IMF country report on Zambia

By Nawa Mutumweno – Economic growth is expected to remain robust in 2012 at around 7.7 percent and inflation to remain close to 6 percent, with the Government planning to widen the fiscal deficit (but reduce net domestic borrowing) and have tightened monetary policy in line with achieving these objectives.

Economic conditions remain favourable and there has been little impact to date from the European crisis. Zambia has achieved sustained high growth and macroeconomic stability over the last decade, but poverty remains high.

Inflation has declined to single-digit levels, international reserves have grown to a comfortable position, and debt is low. The key policy challenge is how to make growth more inclusive.

‘’Promoting inclusive growth will require reforms on a number of fronts while simultaneously continuing to safeguard macroeconomic stability. These reforms include creating space for growth enhancing and poverty reducing spending; improving access to financial services for the unbanked population; and boosting the agriculture sector and other labour-intensive activities,’’ an IMF Country Report on Zambia issued in July 2012 says.

Real GDP growth averaged 5.2 percent in 2000 – 10 (or 3.1 percent per capita); inflation declined from 30 percent to single digits; debt declined sharply; and international reserves increased markedly.

However, the 2011 Ex-Post Assessment (EPA) found that despite this strong macroeconomic outcome, extreme poverty remained high – about 60 percent of the population still lived below the poverty line in 2010.

‘’The EPA found that economic growth has not sufficiently benefitted the areas and sectors where the poor are most numerous. This may reflect a concentration of growth in highly capital-intensive or urban-based sectors like mining, construction and services. Per capita agricultural growth – a key factor for the rural population – lagged for most of the period,’’ the report reads in part.

Moreover, policies that kept maize prices high disadvantaged the urban poor and the many poor smallholders that are net buyers of maize in 2008 – 10 when agriculture growth was strong.

The EPA also found that despite weathering the 2008 – 09 global financial crisis well, Zambia could do more to reduce vulnerabilities to future shocks.

‘’Achieving sustainably higher and more inclusive growth would require entrenching macroeconomic stability, improving human capital and infrastructure, and diversifying the economy. In this context, the EPA concluded that policies should focus on:-

  • Reversing declines in capital spending and strengthening public infrastructure
  • Mobilising revenues
  • Sustaining the recently achieved low to moderate levels of inflation; and
  • Further developing the financial sector

Recent developments and outlook

Macroeconomic performance in 2011 was positive, with robust growth and declining inflation.

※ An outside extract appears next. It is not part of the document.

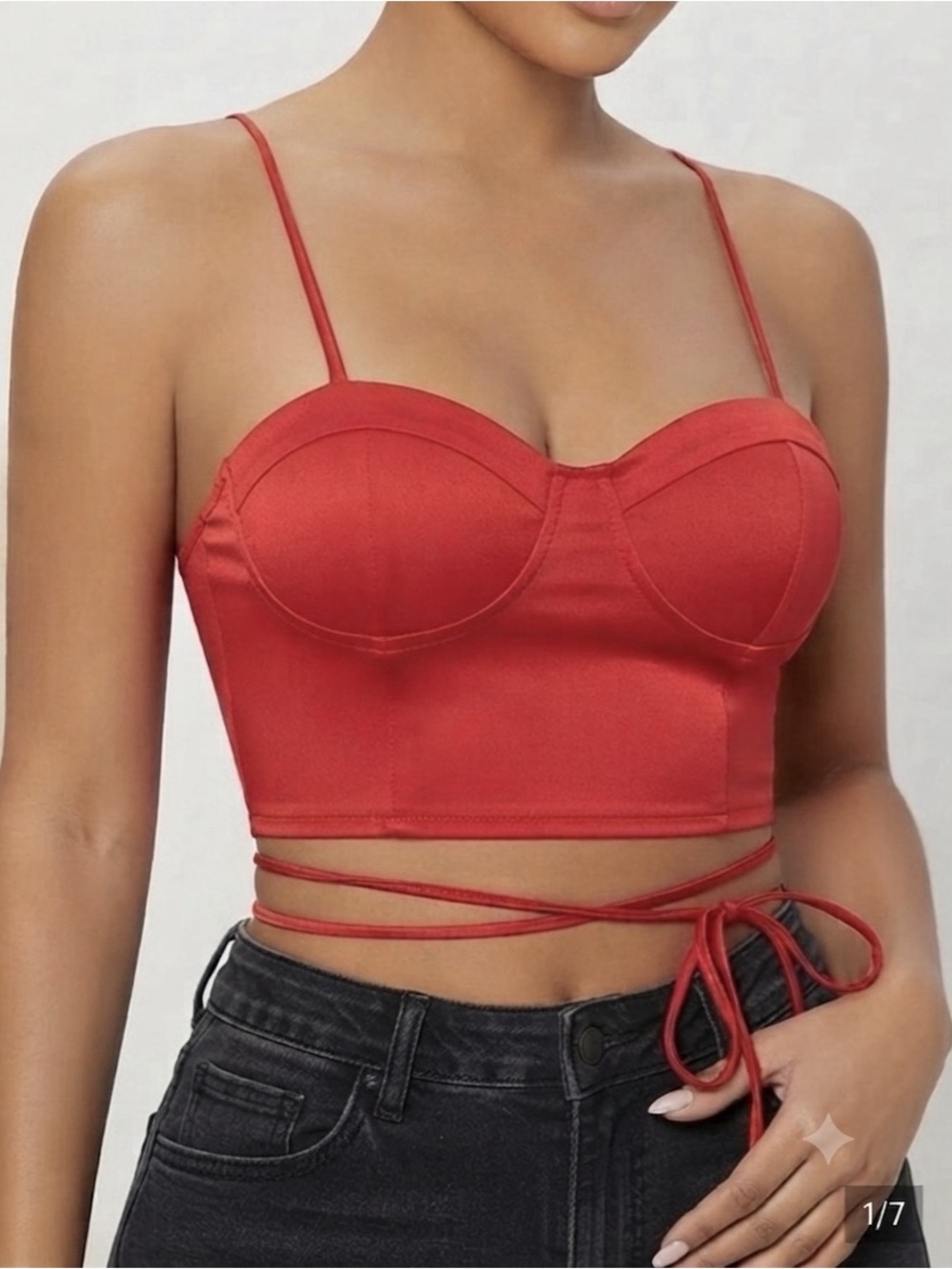 Zara Bright Red Lace-Up Bustier Crop Top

Real GDP is estimated to have grown by six and half percent, driven by a record maize harvest and bank credit growth of about 30 percent.

Inflation declined to 7.2 percent at end-2011, broadly in line with the authorities’ target, and has declined further to 6.0 percent in February 2012. The monetary policy stance was eased in late 2011 with a reduction in both the reserve requirement and liquid asset ratios.

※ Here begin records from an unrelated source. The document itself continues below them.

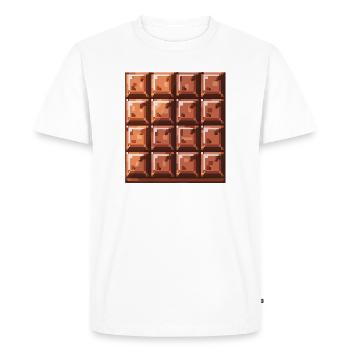 Pixel Chocolate Square Pattern - Men's Premium Organic T-Shirt - white - Front - Nico (187cm)
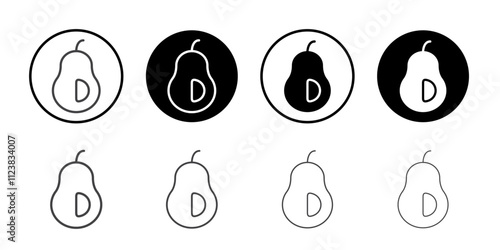 Avocado icon Thin outline art symbol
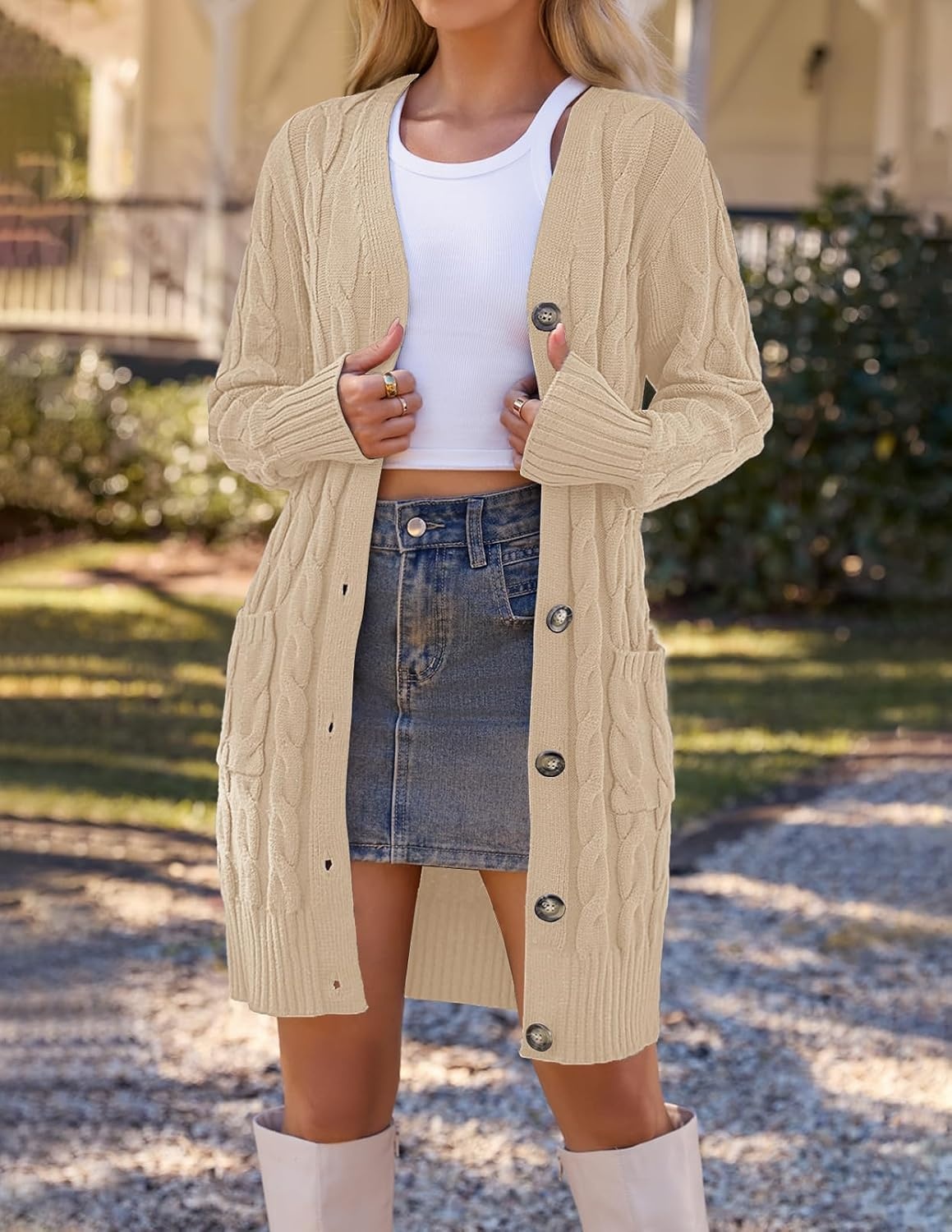 image:imageMEROKEETY Womens Fall Cable Knit Button Long Cardigan Sweater Button Front Long Sleeve Chunky Knit Open Front V Neck Loose Fit Side Pockets 2026 Winter Casual outerwearApricot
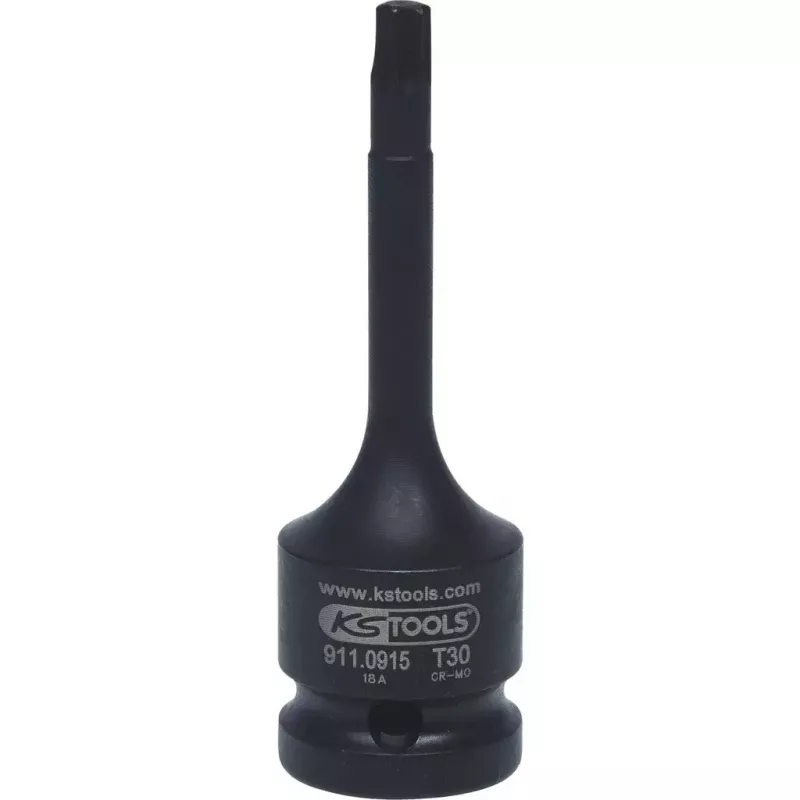 KS Tools 1/2 inch Kraft-Bit-Stecknuss TX, lang, T40 (911.0916)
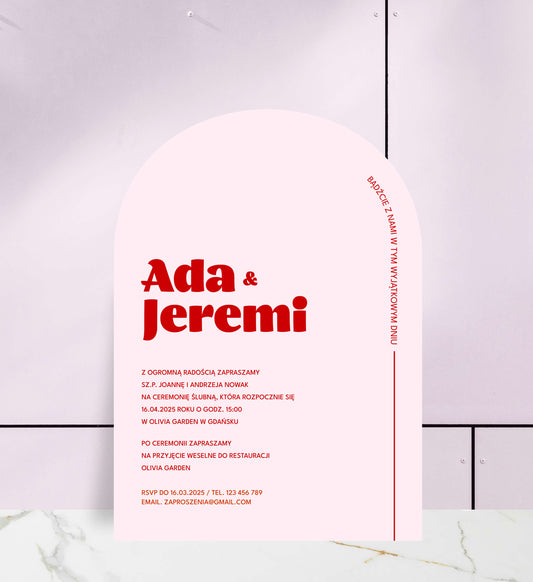 Zaproszenia ślubne, nowoczesne, kolorowe, walne, papier premium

The Kwacha has depreciated by 7 percent against the US dollar since September 2011, likely reflecting the easing of monetary conditions in Zambia and shifts in foreign portfolio investment flows to other markets, especially in in East Africa.

Despite copper prices rising to record highs, the external current account surplus narrowed from 7.1 percent to 1.3 percent of GDP, mainly reflecting a strong expansion in imports and a decline in grants. Still, gross international reserves rose above US$2 billion for the first time ever, equivalent to three months of prospective imports.

Preliminary data suggest that the fiscal deficit of the central government remained flat at around three percent of GDP in 2011, reflecting a large expansion in election-related current spending and public investment being offset by one-off payment of mining tax arrears.

Government’s 2012 economic programme aims to increase growth while keeping inflation below 7 percent. Real GDP is projected to rise by 7.7 percent, reflecting strong growth in copper production and non-maize agriculture, and an expansionary fiscal policy.

The 2012 budget targets a deficit of 4.1 percent of GDP and a significant increase in investment. More than half of budget financing is expected to come from a sovereign bond issue, and net domestic financing is targeted to remain low at about one percent of GDP. With a slight tightening of monetary policy, inflation is projected to remain around 6 percent in 2012.

Key risks arise from the uncertain prospects for the global economy that could lower copper prices and from domestic policies. Although the crisis in Europe has had little spillover to the Zambian economy to date, and mining companies are moving forward with ambitious plans to expand their operations, a further deterioration in the global economic conditions could squeeze trade credit lines; reduce demand for Zambian exports; and lower copper prices.

On domestic policies, 0.8 percent of GDP in fiscal measures could be needed to ensure that the fiscal, inflation, and reserve targets are met, especially if much needed maize sector reforms are delayed; while careful implementation of planned financial sector reforms will be necessary to safeguard financial sector stability.